Start of DATASET EXCERPTS

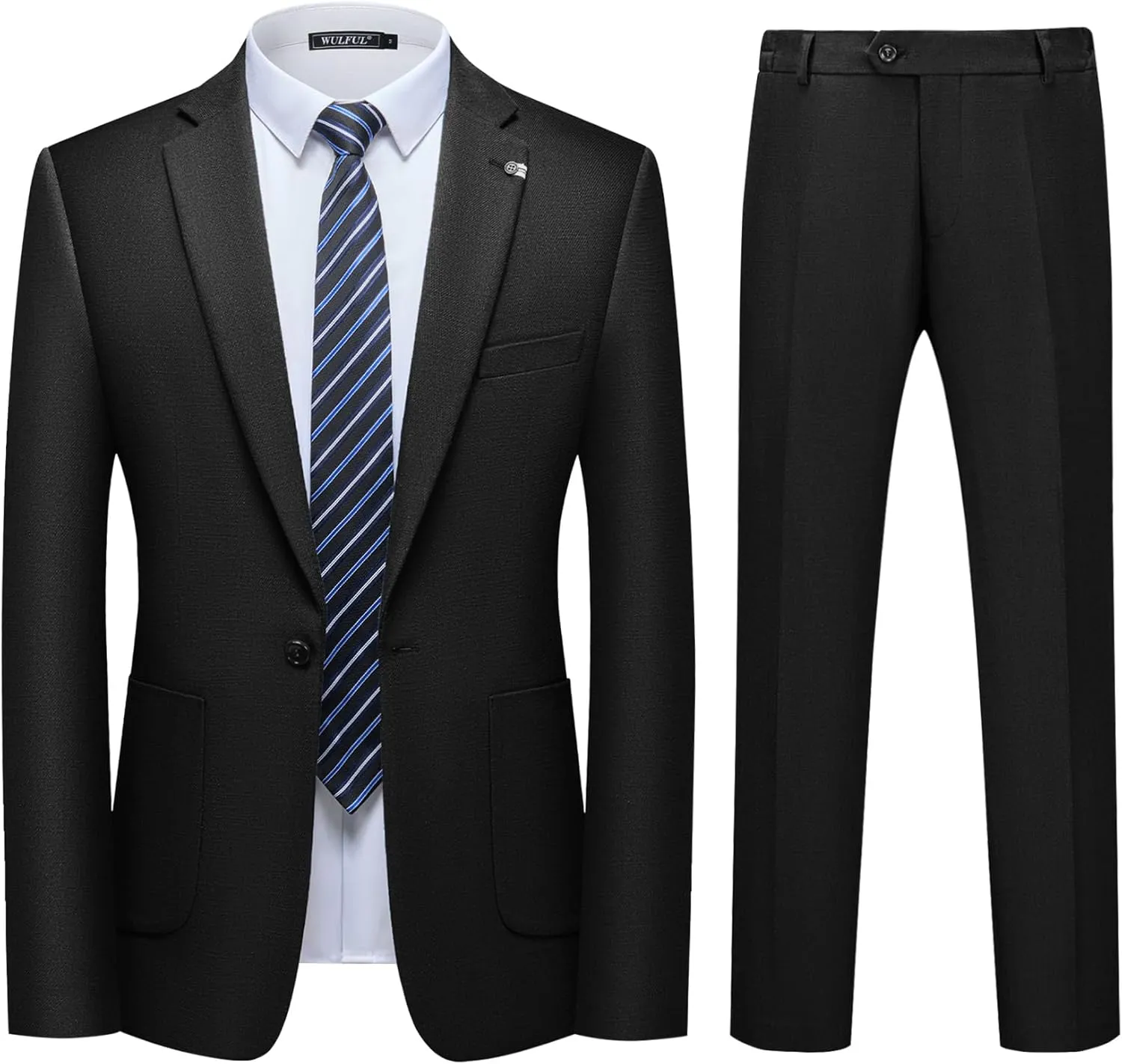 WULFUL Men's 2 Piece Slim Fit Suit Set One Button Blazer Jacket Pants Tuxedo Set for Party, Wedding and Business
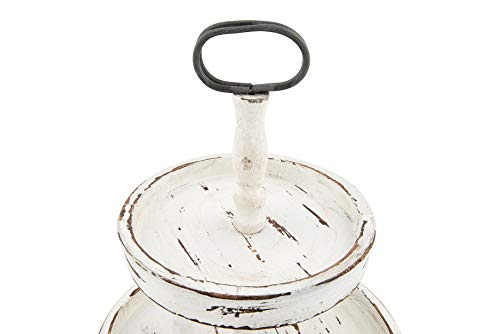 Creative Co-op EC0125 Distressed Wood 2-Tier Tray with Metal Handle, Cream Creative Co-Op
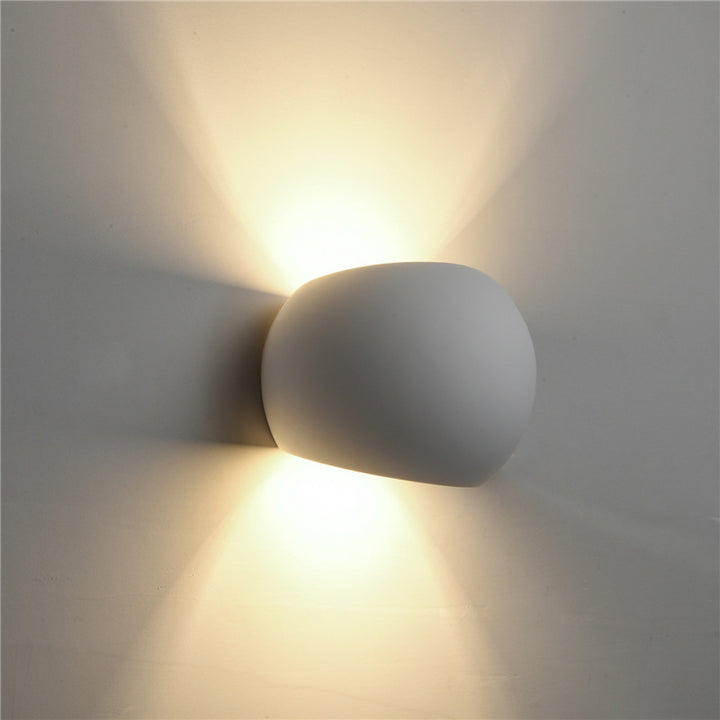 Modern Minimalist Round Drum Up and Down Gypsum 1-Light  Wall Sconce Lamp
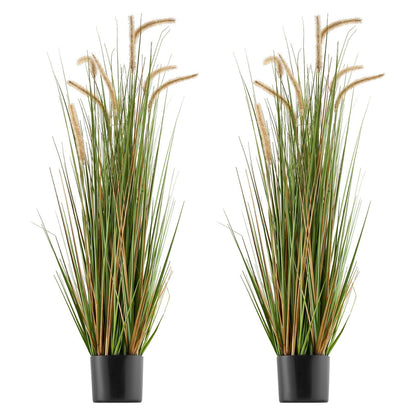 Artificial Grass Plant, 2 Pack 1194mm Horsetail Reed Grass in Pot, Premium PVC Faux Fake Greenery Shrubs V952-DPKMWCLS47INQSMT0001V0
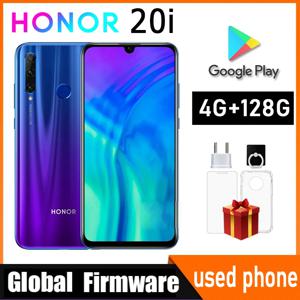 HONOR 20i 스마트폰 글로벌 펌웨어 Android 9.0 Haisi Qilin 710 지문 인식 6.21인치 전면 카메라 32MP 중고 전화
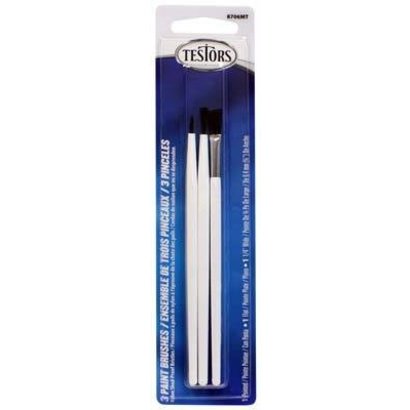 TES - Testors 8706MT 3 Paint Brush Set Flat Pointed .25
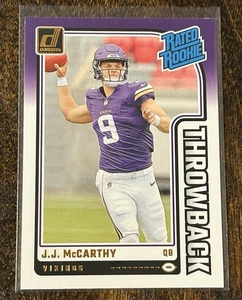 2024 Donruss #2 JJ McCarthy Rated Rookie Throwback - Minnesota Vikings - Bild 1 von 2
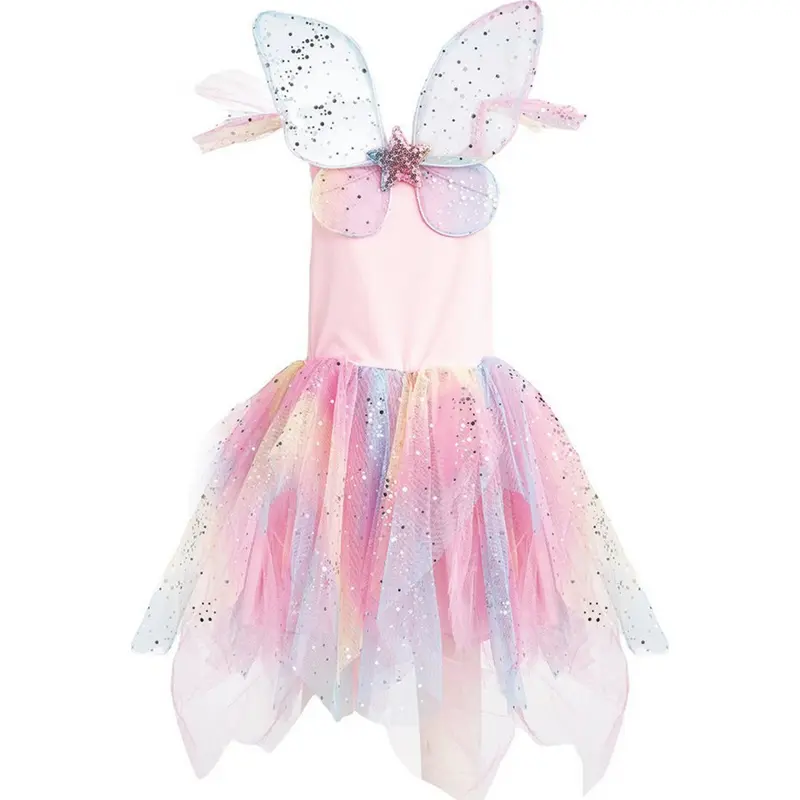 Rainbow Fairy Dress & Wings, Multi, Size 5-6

End of DATASET EXCERPTS
Start of DATASET EXCERPTS

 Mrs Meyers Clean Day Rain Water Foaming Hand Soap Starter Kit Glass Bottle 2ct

End of DATASET EXCERPTS

**TASK PROMPT**
Each line above starting at the one holding "Creative Co-op EC0125" and ending at the one holding "Rainbow Fairy Dress & Wings, Multi, Size 5-6" should be set down exactly as it stands, both ends included, with no pictures.

**SOLUTION FOR THIS TASK**
 Creative Co-op EC0125 Distressed Wood 2-Tier Tray with Metal Handle, Cream Creative Co-Op
 Modern Minimalist Round Drum Up and Down Gypsum 1-Light  Wall Sconce Lamp
 Artificial Grass Plant, 2 Pack 1194mm Horsetail Reed Grass in Pot, Premium PVC Faux Fake Greenery Shrubs V952-DPKMWCLS47INQSMT0001V0
 HONOR 20i 스마트폰 글로벌 펌웨어 Android 9.0 Haisi Qilin 710 지문 인식 6.21인치 전면 카메라 32MP 중고 전화
 TES - Testors 8706MT 3 Paint Brush Set Flat Pointed .25
 2024 Donruss #2 JJ McCarthy Rated Rookie Throwback - Minnesota Vikings - Bild 1 von 2
 Rainbow Fairy Dress & Wings, Multi, Size 5-6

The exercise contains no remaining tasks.